To take a few examples: London has implemented congestion pricing of roadways by zone; Paris has reduced the total number of parking spaces in the city, and has actually increased sidewalk space and built separated bike lanes by removing lanes from major boulevards.

New York City recently debated congestion pricing on the London model. The RAND Corporation has determined that the only realistic policies for congestion reduction in Los Angeles are road pricing and higher parking fees. San Francisco is pioneering a high-tech pilot program that will let parking meters charge a true market rate, based on hourly variations in demand (from $0.25 to $6) at individual meters in a given neighborhood.

If a parking system actually did that -- let the true market cost of public curbside parking vary with demand -- then, as parking researcher and guru Donald Shoup argues, you would considerably reduce congestion, as well as the frustration of circling for a parking spot at ungodly hours in ungodly conditions.
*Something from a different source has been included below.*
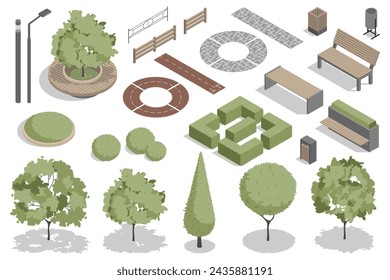 Modern park isometric elements constructor mega set. Creator kit with flat graphic street lanterns, trees and bushes, fences, benches, trash bins, pathes. Vector illustration in 3d isometry design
You could then channel the revenue, through neighborhood parking benefit districts, to projects in the district area, or to related public goods such as a modernized transportation system in Chicago.

The latter prospect, however, is entirely lost in the Morgan Stanley privatization deal. What could be a long-term revenue generator for a city in budgetary crisis and with an enormous backlog of deferred public transportation maintenance has been traded for a one-time fix in operating revenue.

And it leaves one of the most powerful of transportation planning tools -- parking policy -- in the hands of a privately held company that specializes in parking garages. Is anyone at LAZ Parking, in which Morgan Stanley has an equity stake, thinking about Shoup's parking benefit districts? Will they be monitoring San Francisco's experiment with a spot market in street parking?

It's not clear, but there could be some positives. The fact that Chicago's meters will be owned in part by Morgan Stanley, the former investment bank that has since become a "financial services company", leads one to speculate that LAZ Parking may, at some point in the future, be taken public.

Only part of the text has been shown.